Analysts have stopped expecting much of anything from the company. At one time, bulls were betting that the company’s Karma drone would shift its fortunes back around, but that didn’t turn out to be the case. The first launch was marred by power failures that caused the heavy chunks of metal and components to drop out of the sky unexpectedly. GoPro recalled all of its drones, fixed the problems, and put them back on the market, but the damage had been done.
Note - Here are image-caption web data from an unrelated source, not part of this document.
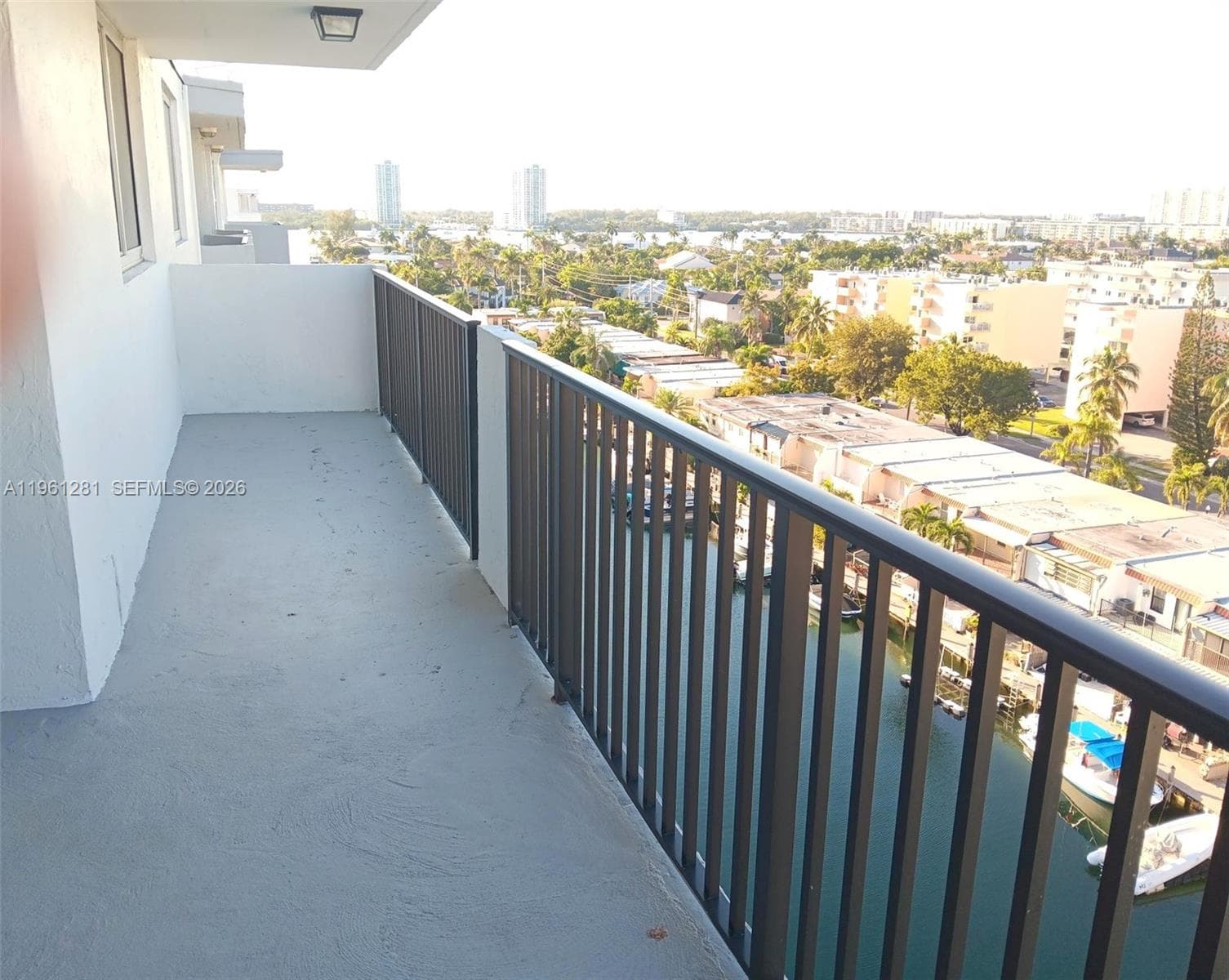 CORAL ISLE EAST CONDO · #1007 in North Miami Beach - Photo 10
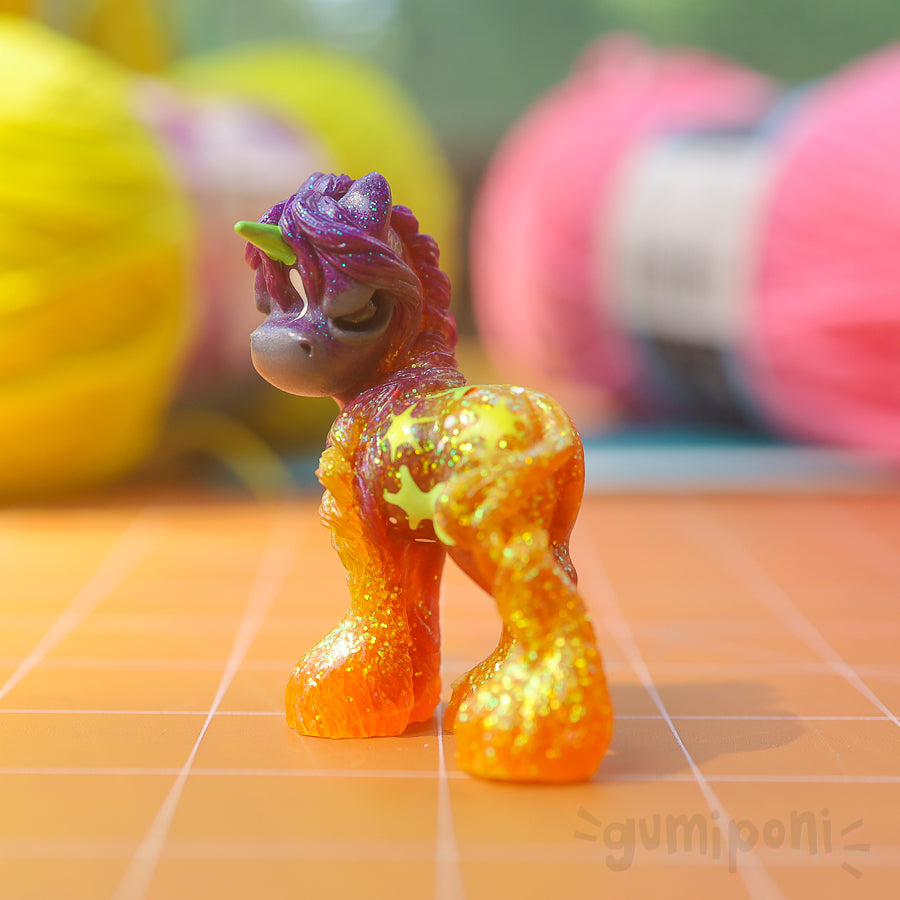 Plum Bum Grumpicorn GumiPoni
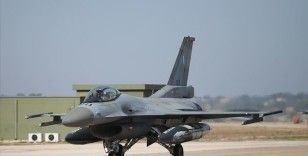 Yunan Hava Kuvvetlerine ait F-16 denize düştü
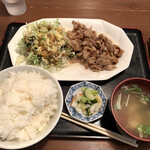 Shokusai Kukan Sakuranbo - 名物定食！じゃんじゃん定食（850円）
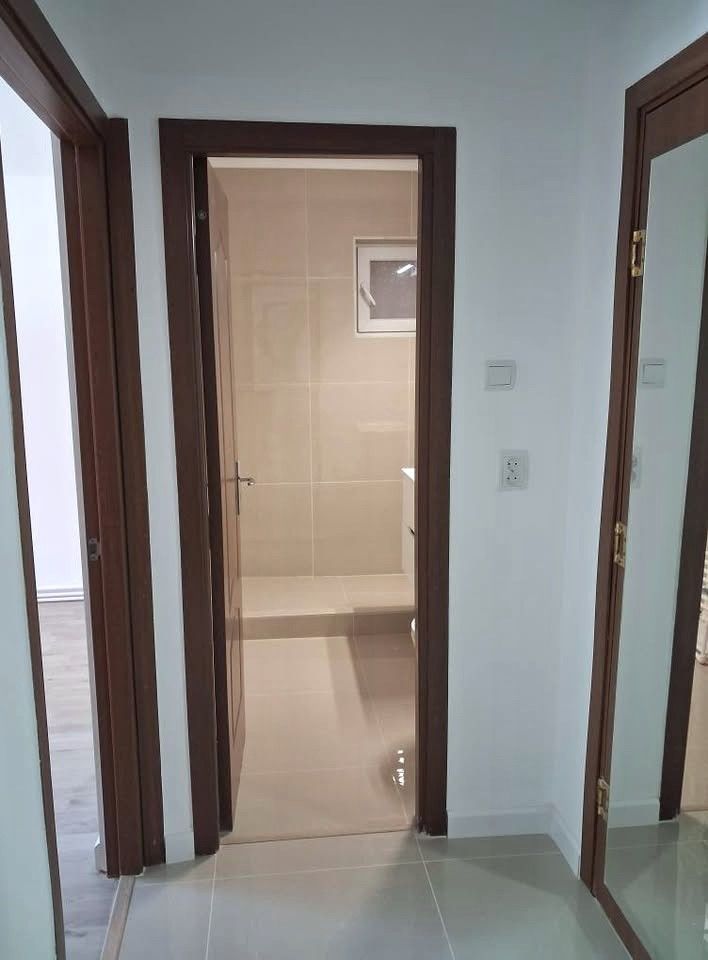 Apartament 2 camere, decomandat, Cetate, Mercur, renovat - Poză 5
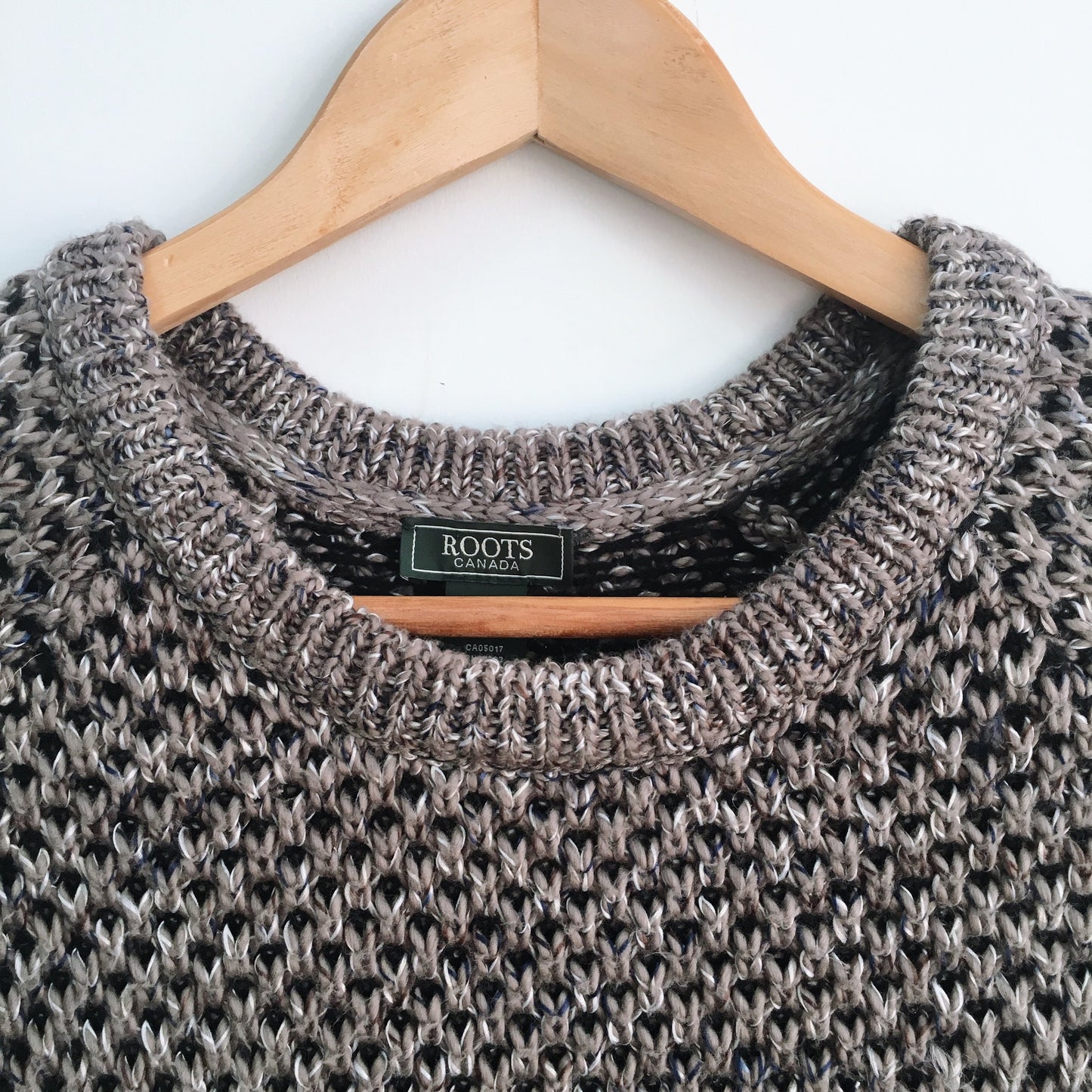 Roots Marled Sweater - size Small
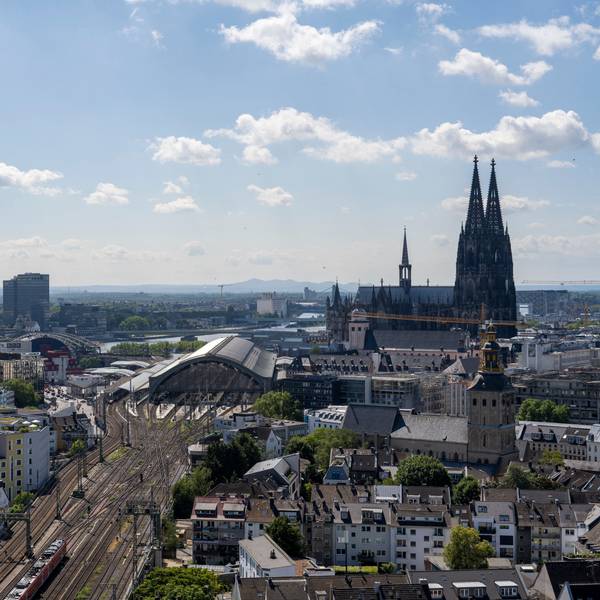 Blick auf den Kölner Hauptbahnhof und den Dom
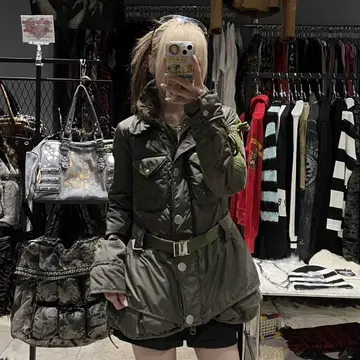 마리떼 프랑소와 저버 파라슈트 다운 밀리터리 디자인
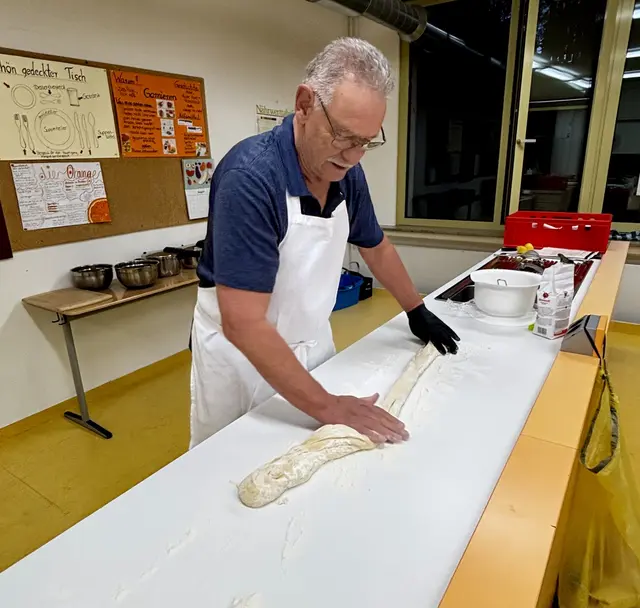 Willi Buhmeier macht den Buchtelteig wie seine Mutter - und genauso klasse. | Foto: Otto Killensberger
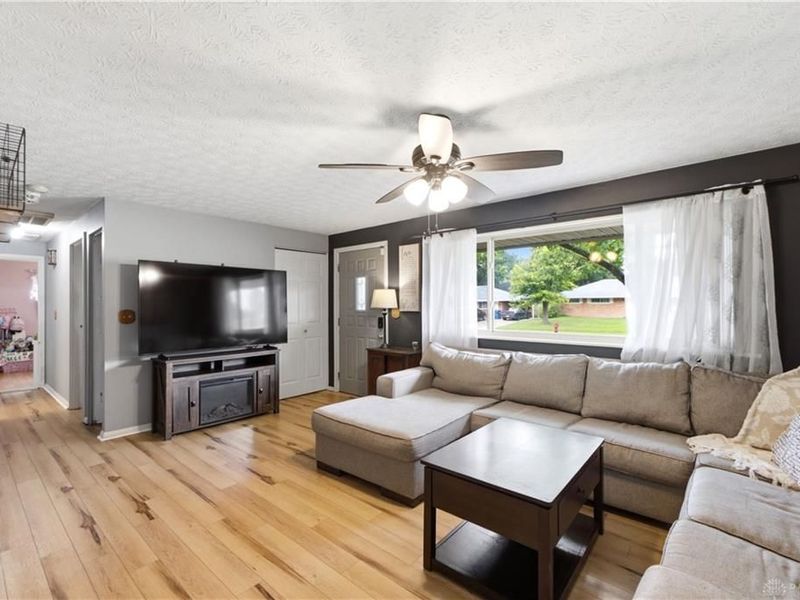 4930 Powell Road, Dayton, OH 45424 Photo 6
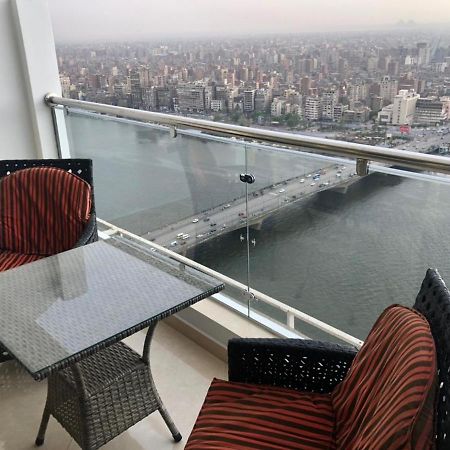 Отель Pyramids Nile Tower Каир Экстерьер фото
Since then, the company has had one failure after another. It shut down its entertainment division after giving up on that idea and then it had to start laying off employees in order to cut costs as sales plunge. Most analysts have now given up on GoPro’s ability to survive in the long term. After initially launching the Karma late last year, the company only just now finally completed a full quarter of sales for the drone.
GoPro provides guidance
GoPro management guided for third-quarter sales of $300 million, plus or minus $10 million. They expect a GAAP and non-GAAP gross margin of 37%, plus or minus 1%. GoPro expects GAAP losses of 24 cents per share, plus or minus 5 cents and non-GAAP earnings to be losses of 6 cents per share, plus or minus 5 cents. Wall Street consensus currently stands at non-GAAP losses of 12 cents per share for the third quarter.
After GoPro Q2 2017 earnings were released, the company’s stock soared in after-hours trade, climbing by as much as 11.86% to $9.24.